Why Do the Rules Exist?

The secret we should never let the gamemasters know is that they don’t need any rules. -Gary Gygax

That quote from Dungeons and Dragons creator Gary Gygax has almost become axiomatic across the hobby, a mantra for the avid homebrewer, house ruler, and just about anyone who’s ever read a wonky rule and thought, “That could be better.” Unfortunately, while The Godfather nailed many things in his career, this quote wasn’t one of them.

Gygax’s point is intuitively pleasing: roleplaying is really just a form of shared storytelling, and no one needs rules to enjoy the less collaborative forms of narration, such as fiction writing. This view overlooks an important contribution of the rules, and perhaps the only one that matters: rules provide a way for the GM to kill players. 

What’s in a Game?
It’s often said that RPGs don’t have winners and losers, because the experience is more important than the outcome. While this is true overall–the story is the reward for both the players and GM–there are still very real feelings of winning and losing within that context.
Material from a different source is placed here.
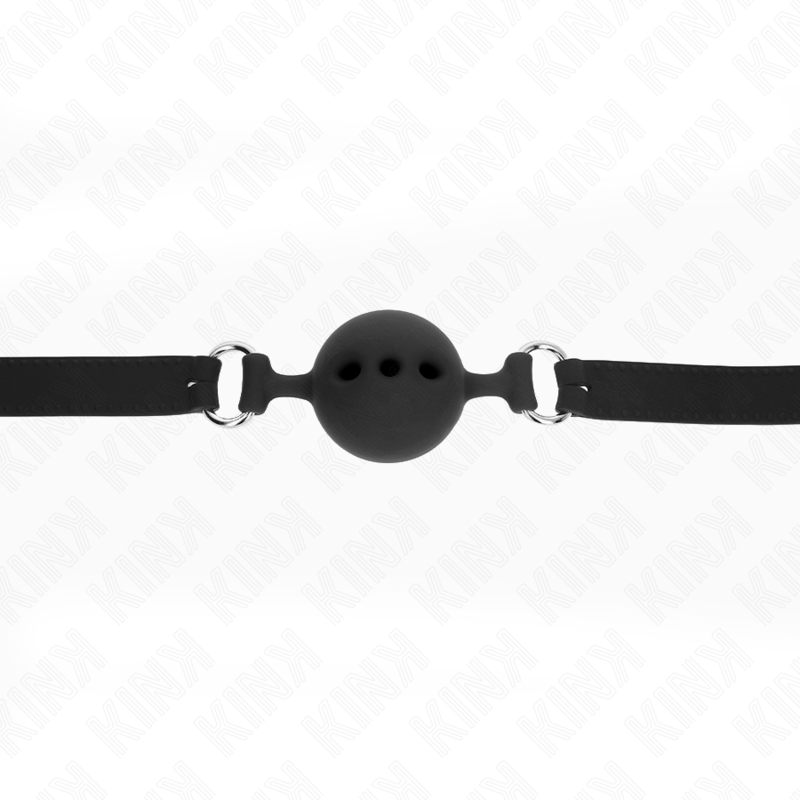 KINK - MORDAÇA DE SILICONE COMPLETA 55 x 2 CM COM BOLA DE 5 CM TAMANHO L PRETA AJUSTÁVEL 35-51 CM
In any dramatic story, there must be a credible threat of failure in order to create tension before the heroes’ inevitable success. Great GMs who maximize dramatic tension will push their players right to the edge, creating powerful “Will the heroes live or will they die?” moments.

The players know how heroic stories work; they know they are meant to “win,” that good should triumph over evil, that–to some degree–they are protected by “plot armor.” They know that GMs aren’t really hoping to kill the party, but that sometimes a PC will die. This, of course, is little consolation to a player who has just watched his character die, and who has suffered a very real loss.

The Right Way to Kill PCs
Obviously, as final arbitrator, the GM has Rule 0 power to kill off any character–PC or otherwise–on a whim. Jump in a vat of acid? Dead. Fail to escape the nuclear bombardment? Dead. Players accept these cause-and-effect deaths without mechanical support.
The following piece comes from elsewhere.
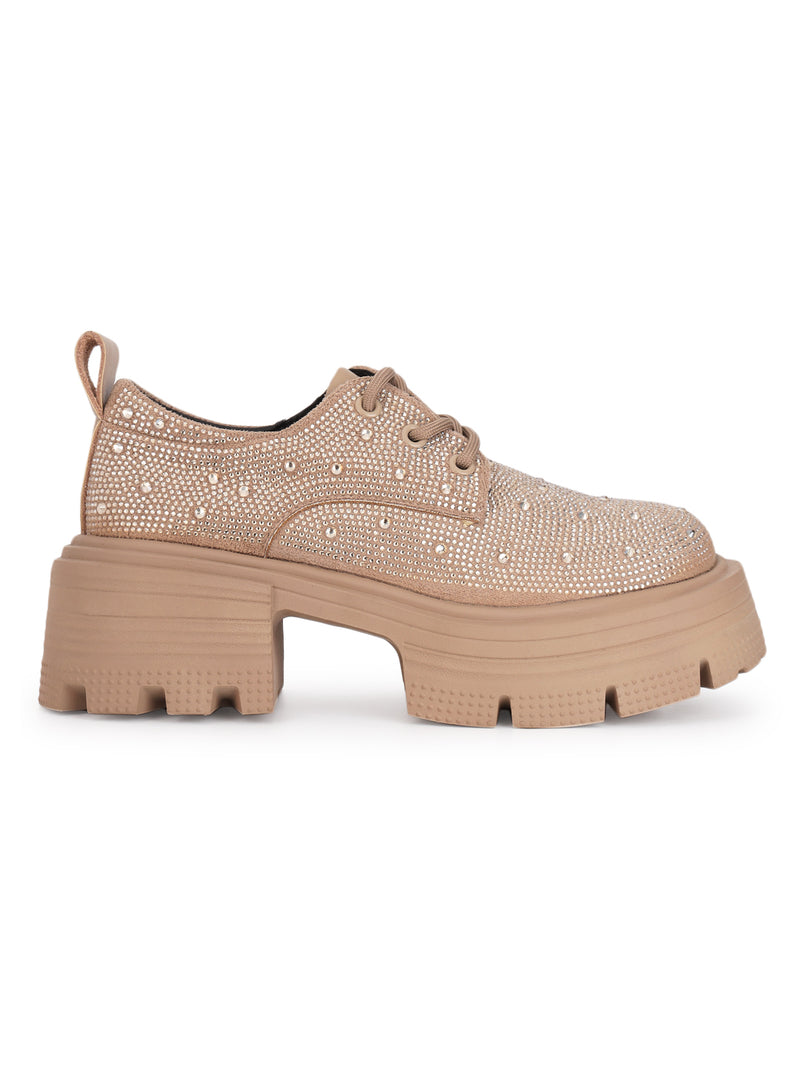 Khaki Diamante Embellished Lace-Up Sneakers (TC-RS3640-KHA)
But what if a player challenges the King’s Champion to a duel? However overmatched the challenger may be, will the players accept the GM simply informing them of the result of the duel? Is there any amount of narrative description that will satisfy the players in such a case? Of course not. The result may be a foregone conclusion and the GM may have decided for any variety of reasons to Rule 0 the outcome, but the players still require justification for the GM’s decision.

This is the value that the rules provide: they take the sense of GM fiat out of the equation. They impose the chance–however minuscule–of success so that the GM doesn’t have to make a decision that risks feeling arbitrary to the players.

The Big Picture
Good players are invested in their characters; they spend time writing them and building them and playing them. They revel in their successes and wallow in their failures, and the death of a character should feel like a loss. The rules allow the GM to deflect the blame from himself (“You challenge him and lose”) to the system, the rules, or the dice (“Does a 37 hit your AC? OK, take 62 damage.”)
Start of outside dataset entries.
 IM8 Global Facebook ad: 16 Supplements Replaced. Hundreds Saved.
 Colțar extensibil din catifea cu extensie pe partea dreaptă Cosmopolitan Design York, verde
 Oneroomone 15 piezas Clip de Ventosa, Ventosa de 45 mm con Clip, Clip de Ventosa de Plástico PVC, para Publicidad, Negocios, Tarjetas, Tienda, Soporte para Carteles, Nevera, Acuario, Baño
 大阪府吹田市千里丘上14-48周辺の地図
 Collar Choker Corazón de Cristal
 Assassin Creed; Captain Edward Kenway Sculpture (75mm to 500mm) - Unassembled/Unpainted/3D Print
Of course, death isn’t the only way for a character to “lose.” The party’s most pathological liar can fail a routine bluff because of a low roll. The party’s most heavily armored tank can still suffer damage from a critical hit. Even the most acrobatic rogue will sometimes get singed by a fireball. The rules provide a framework for characters to fail, even for tasks they are designed to trivialize, without the GM shoehorning the failure into his game.

As a GM, it can be difficult to leave important outcomes up to chance, especially when the stakes are high. But remember: risk of failure is the source of dramatic tension, and you bought a collection of sourcebooks to justify that failure. Make sure you take advantage of it.